4.x: Stabilize AdvancedShardAwarenessIT
On recent Scylla versions this test started failing periodically. It looks like with newer Scylla the driver somehow hits a scenario where it successfully initializes a good portion of the connections, then all connection attempts to one of the nodes get rejected.

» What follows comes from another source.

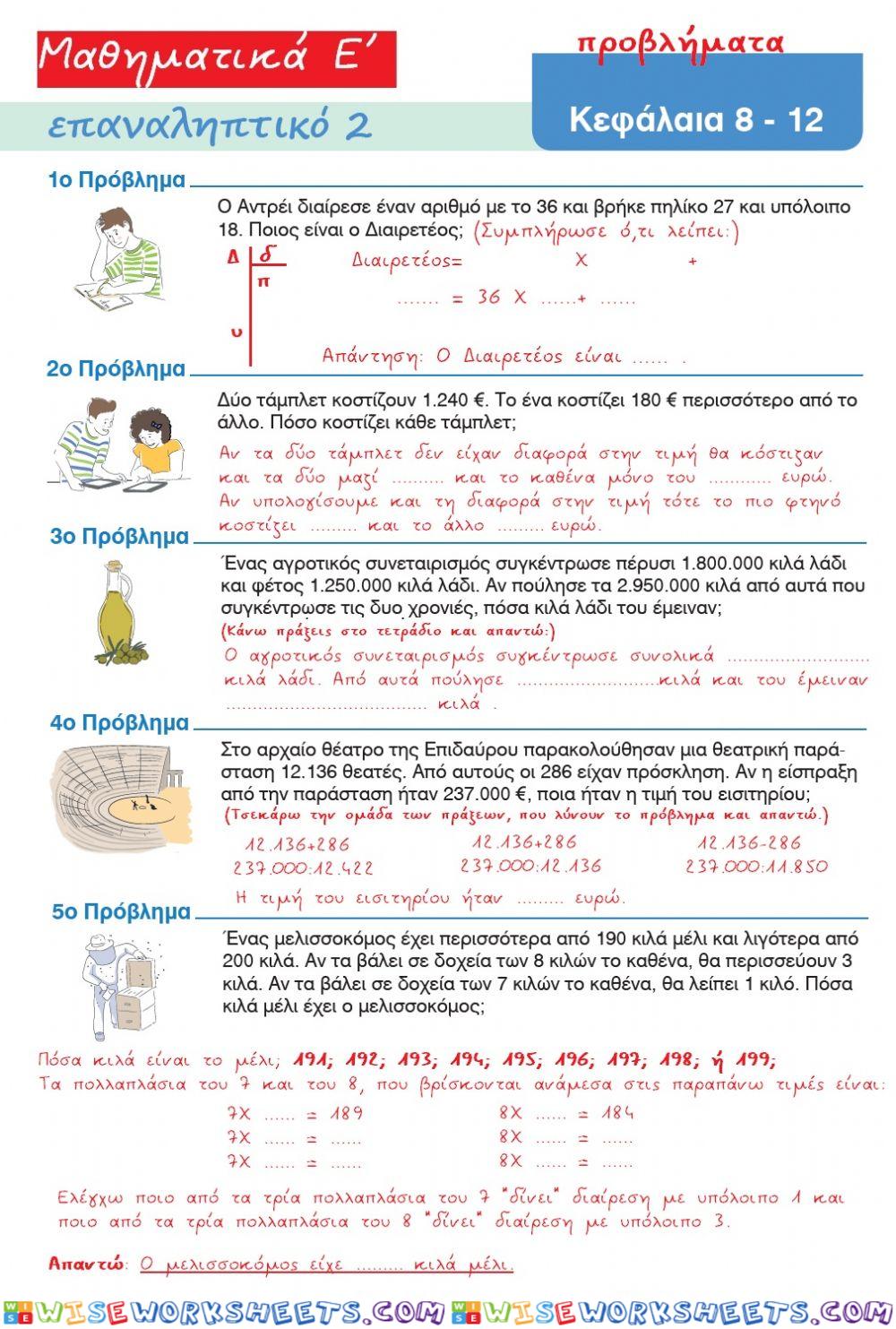 Μαθηματικά  Ε΄- επαναληπτικό 2- κεφ. 8-12, προβλήματα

It is accompanied by multiple erros like this:
19:38:41.582 [s0-admin-1] WARN c.d.o.d.i.core.pool.ChannelPool - [s0|/127.0.2.2:19042] Error while opening new channel
com.datastax.oss.driver.api.core.DriverTimeoutException: [s0|id: 0xfc42b7c7, L:/127.0.0.1:11854 - R:/127.0.2.2:19042] Protocol initialization request, step 1 (OPTIONS): timed out after 5000 ms
at com.datastax.oss.driver.internal.core.channel.ChannelHandlerRequest.onTimeout(ChannelHandlerRequest.java:110)
at io.netty.util.concurrent.PromiseTask.runTask(PromiseTask.java:98)
at io.netty.util.concurrent.ScheduledFutureTask.run(ScheduledFutureTask.java:160)
at io.netty.util.concurrent.AbstractEventExecutor.runTask(AbstractEventExecutor.java:173)
at io.netty.util.concurrent.AbstractEventExecutor.safeExecute(AbstractEventExecutor.java:166)
at io.netty.util.concurrent.SingleThreadEventExecutor.runAllTasks(SingleThreadEventExecutor.java:472)
at io.netty.channel.nio.NioEventLoop.run(NioEventLoop.java:569)
at io.netty.util.concurrent.SingleThreadEventExecutor$4.run(SingleThreadEventExecutor.java:998)
at io.netty.util.internal.ThreadExecutorMap$2.run(ThreadExecutorMap.java:74)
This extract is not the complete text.